I’m not perfect – but luckily neither is anyone else, right?! Truth is, sometimes I think I am right – or smarter – or better and I suppose at times that’s possible – but sometimes it’s not.
You know the girl, who hangs back – who doesn’t interact and is more of an observer? The one that may possibly get a little bit more involved or loud with a couple of lemon drops? That’s me! Jokingly, I’ll tell people I am not a people person – I am incapable of bullshit and can not be held responsible for whatever flies out of my mouth at any random moment – about any random topic! So, I stay back – observe and wait .
It used to be that I never liked someone the first time I met them, ever. You know the term – First impressions are everything?, well I needed two at least. Especially, if you were a woman – oh my goodness gracious can women be so catty, bitchy, and I mean down right ugly to be around. My Grandmother used to use the term “Pretty is as pretty does” and there are some ugly, ugly women out there. From reading previous posts of my mine, you may know that I am not huge on TRUST, and I’m sure that plays into that whole situation as well.
For the most part, I exist without being noticed, and I like that. I like being in the spotlight or limelight when its important, when I am standing up for something I strongly believe in, or when it is necessary – otherwise I am perfectly content in the back ground. When you see the girls that run up to their girlfriends and hug and squeal, that’s not me. When you see the girls who are always in a pack, wearing the same clothes, not me either! In fact I am so far the opposite that I will actually punish myself in order to make sure I don’t follow the others – I’m serious.
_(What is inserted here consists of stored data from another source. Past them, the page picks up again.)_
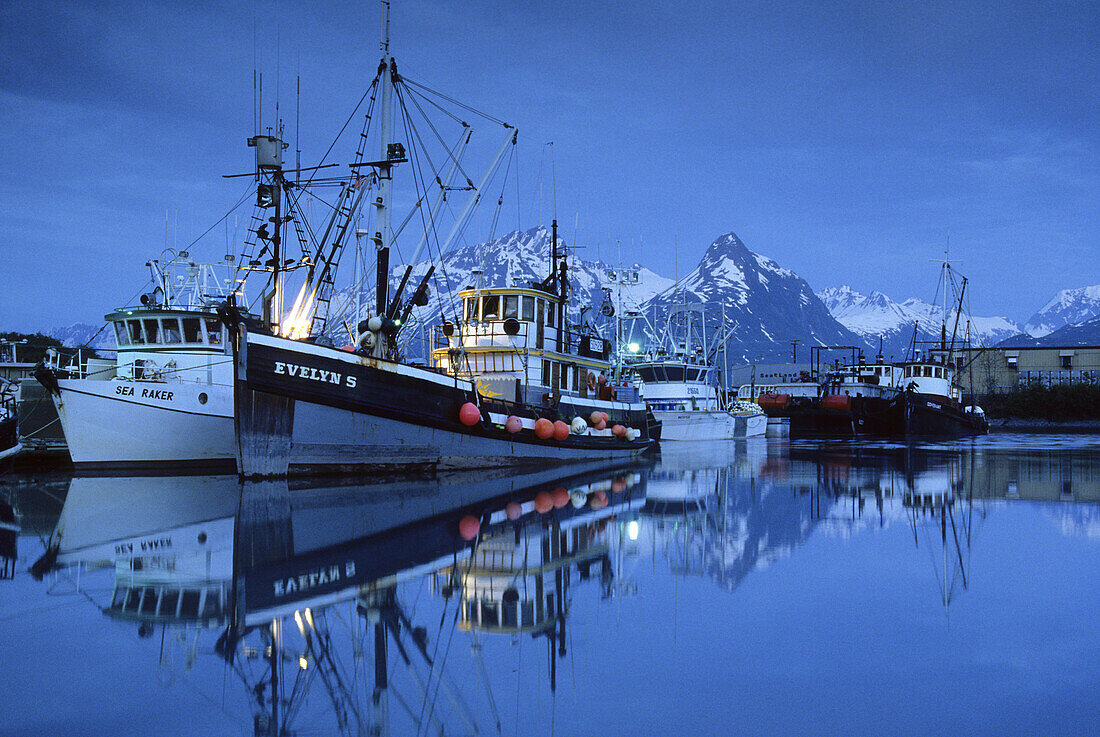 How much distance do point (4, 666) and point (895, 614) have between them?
22.5 ft

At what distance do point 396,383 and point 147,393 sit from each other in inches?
241

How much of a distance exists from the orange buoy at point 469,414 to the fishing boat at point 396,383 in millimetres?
28

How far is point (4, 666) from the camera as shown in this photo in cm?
546

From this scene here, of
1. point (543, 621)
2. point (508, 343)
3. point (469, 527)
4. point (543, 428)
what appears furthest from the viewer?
point (508, 343)

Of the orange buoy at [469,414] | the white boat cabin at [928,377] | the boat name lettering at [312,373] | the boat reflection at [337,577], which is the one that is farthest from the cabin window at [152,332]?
the white boat cabin at [928,377]

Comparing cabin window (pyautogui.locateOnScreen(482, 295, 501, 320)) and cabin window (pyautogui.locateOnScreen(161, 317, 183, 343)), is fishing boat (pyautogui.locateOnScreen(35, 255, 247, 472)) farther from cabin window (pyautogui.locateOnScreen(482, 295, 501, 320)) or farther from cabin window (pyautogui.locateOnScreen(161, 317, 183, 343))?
cabin window (pyautogui.locateOnScreen(482, 295, 501, 320))

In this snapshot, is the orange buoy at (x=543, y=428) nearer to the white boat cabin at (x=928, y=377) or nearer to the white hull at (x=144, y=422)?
the white hull at (x=144, y=422)

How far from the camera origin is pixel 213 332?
21953mm

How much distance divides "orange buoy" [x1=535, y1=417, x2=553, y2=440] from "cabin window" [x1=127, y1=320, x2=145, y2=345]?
35.5 ft

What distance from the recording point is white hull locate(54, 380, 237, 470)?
62.1 feet

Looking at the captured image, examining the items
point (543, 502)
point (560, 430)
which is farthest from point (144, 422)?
point (543, 502)

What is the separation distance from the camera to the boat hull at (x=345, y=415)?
657 inches

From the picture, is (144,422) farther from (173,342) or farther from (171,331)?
(171,331)

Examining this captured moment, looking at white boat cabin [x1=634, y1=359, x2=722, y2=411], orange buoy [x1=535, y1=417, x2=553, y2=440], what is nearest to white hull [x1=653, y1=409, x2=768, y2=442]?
white boat cabin [x1=634, y1=359, x2=722, y2=411] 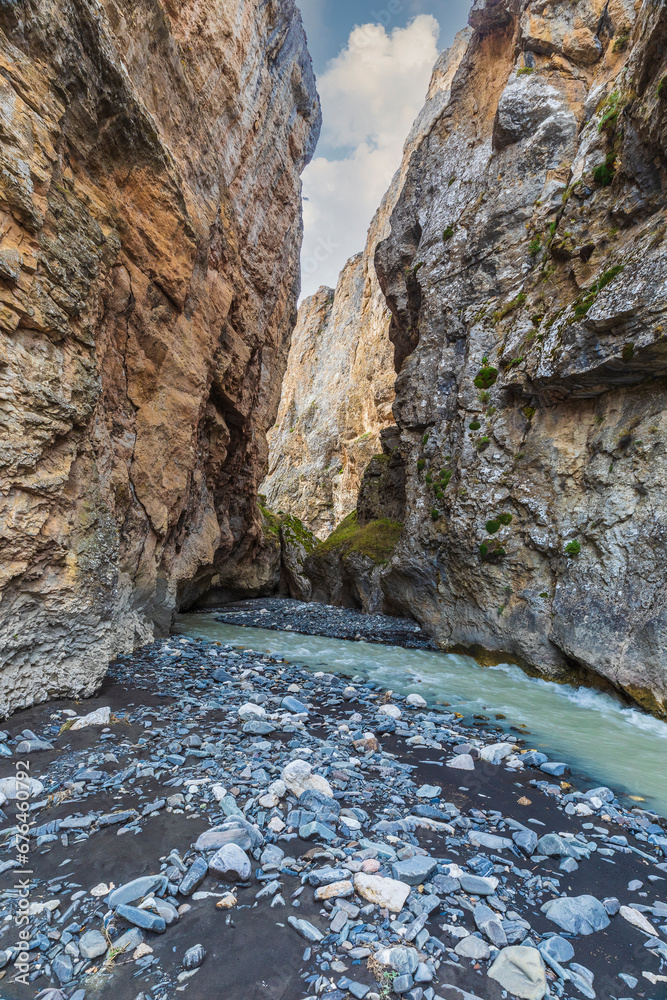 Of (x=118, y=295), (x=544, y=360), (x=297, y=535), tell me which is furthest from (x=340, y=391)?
(x=118, y=295)

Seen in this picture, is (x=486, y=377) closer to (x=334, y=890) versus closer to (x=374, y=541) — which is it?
(x=374, y=541)

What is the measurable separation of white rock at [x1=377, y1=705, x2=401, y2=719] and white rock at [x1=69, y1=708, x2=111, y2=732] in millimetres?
3640

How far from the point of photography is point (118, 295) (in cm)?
855

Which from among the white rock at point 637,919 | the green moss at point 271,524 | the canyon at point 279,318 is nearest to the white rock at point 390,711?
the white rock at point 637,919

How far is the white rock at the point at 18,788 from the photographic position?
351 centimetres

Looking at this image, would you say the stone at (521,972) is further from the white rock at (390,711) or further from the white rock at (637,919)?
the white rock at (390,711)

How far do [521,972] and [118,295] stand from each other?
10.5m

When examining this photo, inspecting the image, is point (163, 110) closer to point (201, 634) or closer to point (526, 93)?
point (526, 93)

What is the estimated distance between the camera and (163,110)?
9594 mm

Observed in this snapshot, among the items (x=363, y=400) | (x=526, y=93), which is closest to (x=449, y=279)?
(x=526, y=93)

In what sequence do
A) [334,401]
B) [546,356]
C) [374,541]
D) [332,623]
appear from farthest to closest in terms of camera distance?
[334,401]
[374,541]
[332,623]
[546,356]

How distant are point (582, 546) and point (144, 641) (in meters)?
9.83

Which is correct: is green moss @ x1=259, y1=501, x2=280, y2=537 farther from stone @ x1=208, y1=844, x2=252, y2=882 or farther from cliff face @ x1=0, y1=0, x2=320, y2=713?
stone @ x1=208, y1=844, x2=252, y2=882

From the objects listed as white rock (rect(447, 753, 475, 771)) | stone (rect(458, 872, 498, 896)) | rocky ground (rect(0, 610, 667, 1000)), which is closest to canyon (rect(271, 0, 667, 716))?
white rock (rect(447, 753, 475, 771)) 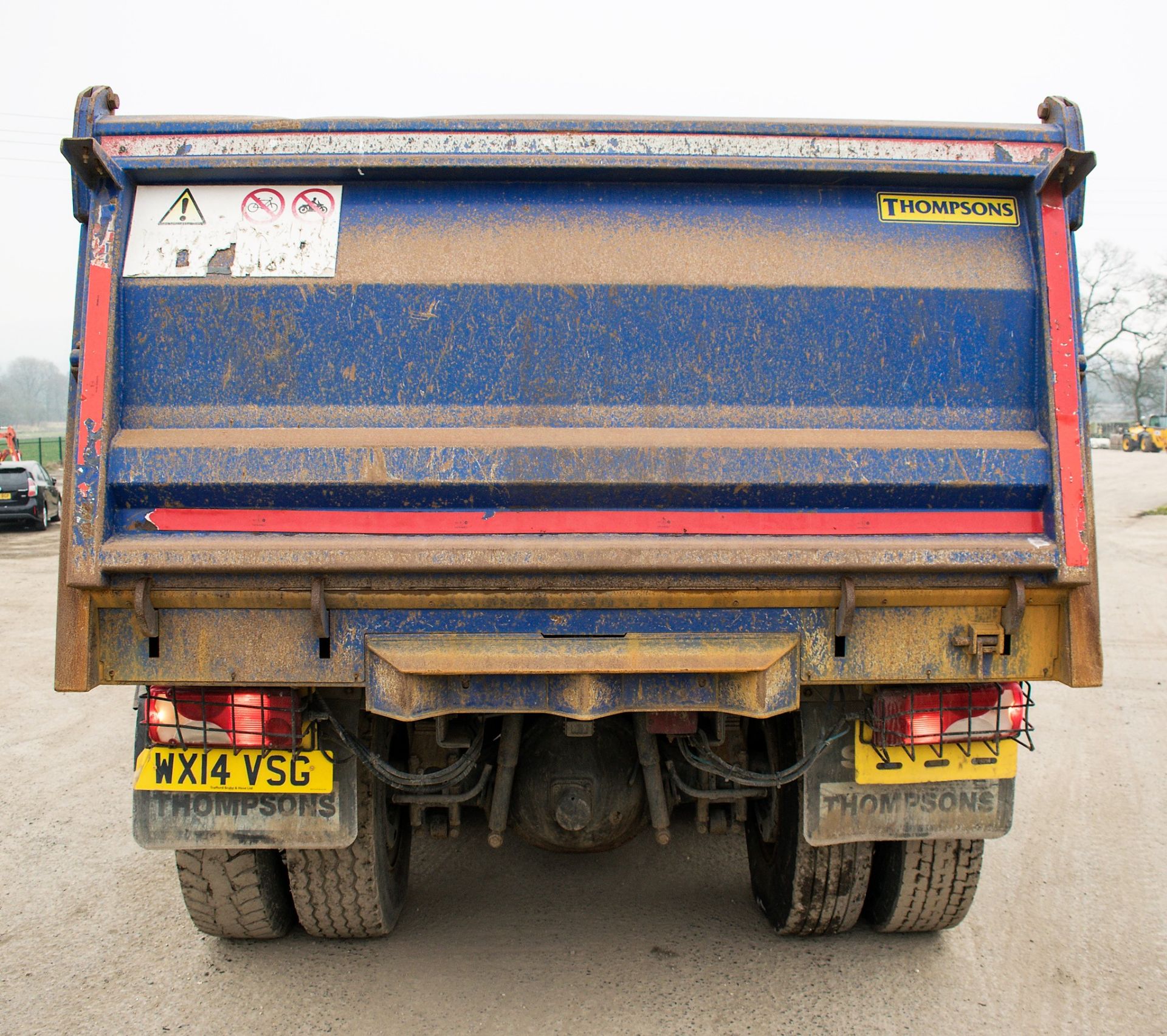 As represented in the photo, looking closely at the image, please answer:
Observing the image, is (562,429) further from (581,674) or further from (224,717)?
(224,717)

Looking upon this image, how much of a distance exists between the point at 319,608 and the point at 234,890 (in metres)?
1.37

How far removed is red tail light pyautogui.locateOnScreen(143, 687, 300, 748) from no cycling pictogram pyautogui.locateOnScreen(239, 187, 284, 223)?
4.41 feet

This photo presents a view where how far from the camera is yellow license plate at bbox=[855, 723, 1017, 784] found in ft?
9.36

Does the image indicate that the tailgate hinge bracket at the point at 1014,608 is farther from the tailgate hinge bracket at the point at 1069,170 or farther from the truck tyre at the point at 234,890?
the truck tyre at the point at 234,890

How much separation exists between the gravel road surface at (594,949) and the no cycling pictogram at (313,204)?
8.10 ft

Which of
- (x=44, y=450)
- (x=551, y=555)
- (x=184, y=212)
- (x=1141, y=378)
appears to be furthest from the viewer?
(x=1141, y=378)

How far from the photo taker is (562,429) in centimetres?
260

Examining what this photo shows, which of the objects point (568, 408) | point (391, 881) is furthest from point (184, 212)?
point (391, 881)

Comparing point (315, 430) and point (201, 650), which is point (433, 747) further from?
point (315, 430)

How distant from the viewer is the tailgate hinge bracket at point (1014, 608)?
251 cm

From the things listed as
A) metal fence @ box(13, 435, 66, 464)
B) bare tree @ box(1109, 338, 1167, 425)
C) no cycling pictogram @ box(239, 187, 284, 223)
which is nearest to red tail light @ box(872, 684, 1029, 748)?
no cycling pictogram @ box(239, 187, 284, 223)

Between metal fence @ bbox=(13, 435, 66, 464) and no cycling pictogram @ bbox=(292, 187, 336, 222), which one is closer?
no cycling pictogram @ bbox=(292, 187, 336, 222)

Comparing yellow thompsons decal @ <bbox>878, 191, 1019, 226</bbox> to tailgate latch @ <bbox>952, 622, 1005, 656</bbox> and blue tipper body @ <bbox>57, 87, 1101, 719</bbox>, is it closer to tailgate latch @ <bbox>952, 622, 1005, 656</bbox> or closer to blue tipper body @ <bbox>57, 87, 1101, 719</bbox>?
blue tipper body @ <bbox>57, 87, 1101, 719</bbox>

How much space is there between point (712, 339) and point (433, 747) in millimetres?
1674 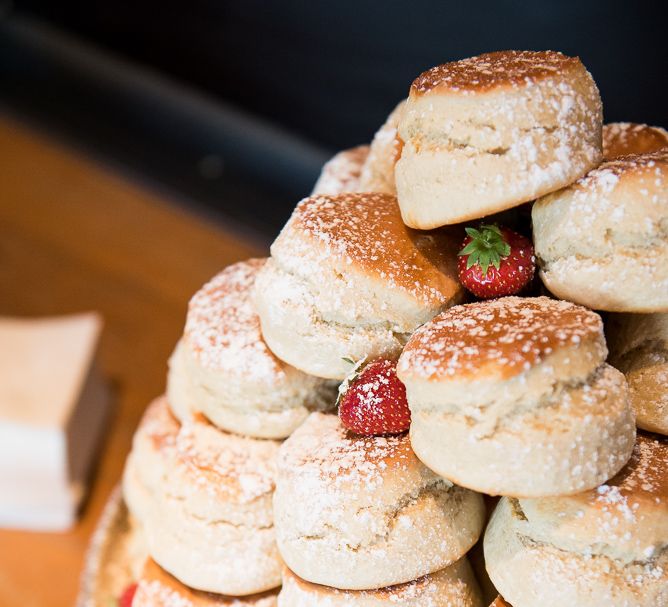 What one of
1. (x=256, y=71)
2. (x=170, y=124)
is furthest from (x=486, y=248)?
(x=170, y=124)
Take this for instance; I had decided to get my nose pierced which in and of itself its ridiculous because I am still traumatized from my second holes in my ear being pierced when I was twelve! But, that’s not the point. anyhow I had made the brave decision to do this and was going to go with my two closest girlfriends. They ended up going without me for whatever reason (I’m assuming it was a good one) and got theirs done. So, now – I won’t do mine. It irritated me that they did it, something I wanted to do, and now if I go do it, it’s just copying them – and I don’t copy! Pretty freaking lame, right?? I’m proving a point that hurts me? How dumb can I be, really? But that’s me –
If I have the opportunity to stay home alone, or go pal around with a friend for the day – I’ll stay home. Quiet is an amazing wonderful thing, especially having a family – I relish the unneeded, relaxing time of being alone. Just like in a car – I will drive somewhere on some days with no music on – just silence. Just me, my thoughts, and the road – which is good and bad – considering you arrive somewhere and wonder how in the hell you got there because you can’t remember the drive at all! However, in my defense I was raised by a grandfather that thought car rides were for quiet time, to reflect, and not for pointless chatter. Don’t get me wrong there are times, I blast my music loud, or chat with girlfriends – but there are also times for silence.
Part of the reason I am not a girly girl, or one that likes to hang around the same group of girls or couples is that I would rather not know them “that well”. Meaning, that I like grocery store friendships– as I call them. The kind where you smile and say hi, goochy goo to their baby, ask how they are, then go on your way. Nothing too personal, and best of all nothing too drawn out! People and their lives are much better left private in my mind. Assuming that their life is great – works for me. When you pal around with someone you learn all their demons, as they do you. You learn that their marriage isn’t perfect – which of course we all already know that – but you know what I mean. They call when all hell is breaking loose, and sooner or later you get to the point of where your involved, maybe in the middle and then BAM! just like that things are AWKWARD!
For me, if you’re doing something stupid, I am going to tell you. If you ask me something, I will be brutally honest and will not sugar coat anything – it is just not me. If you call me crying because your special someone just hit you and you don’t want him to leave you, I will give you two things. First, some sympathy because I was there before. Second, T&T – Truth and Tools and to get out. If you choose to stay, please understand why I choose to keep my distance as well. It’s not that I lack empathy or sympathy because I have gobs and gobs of it – but I know that until someone is ready to help themselves, there is no amount of sympathy that will help them. None what-so-ever~
For the most part – this is me. There are my solid life-long friendships I will always have and treasure – ones that get the good parts of me. For those I am thankful for, because I thrive in those, they fill me up and I hope I do the same for them. But, outside of that I am just the girl who stays back, who will have your back if needed and for the right reasons and is happy and used to fighting my way through being an original.
What do you think about Grocery Store Friendships?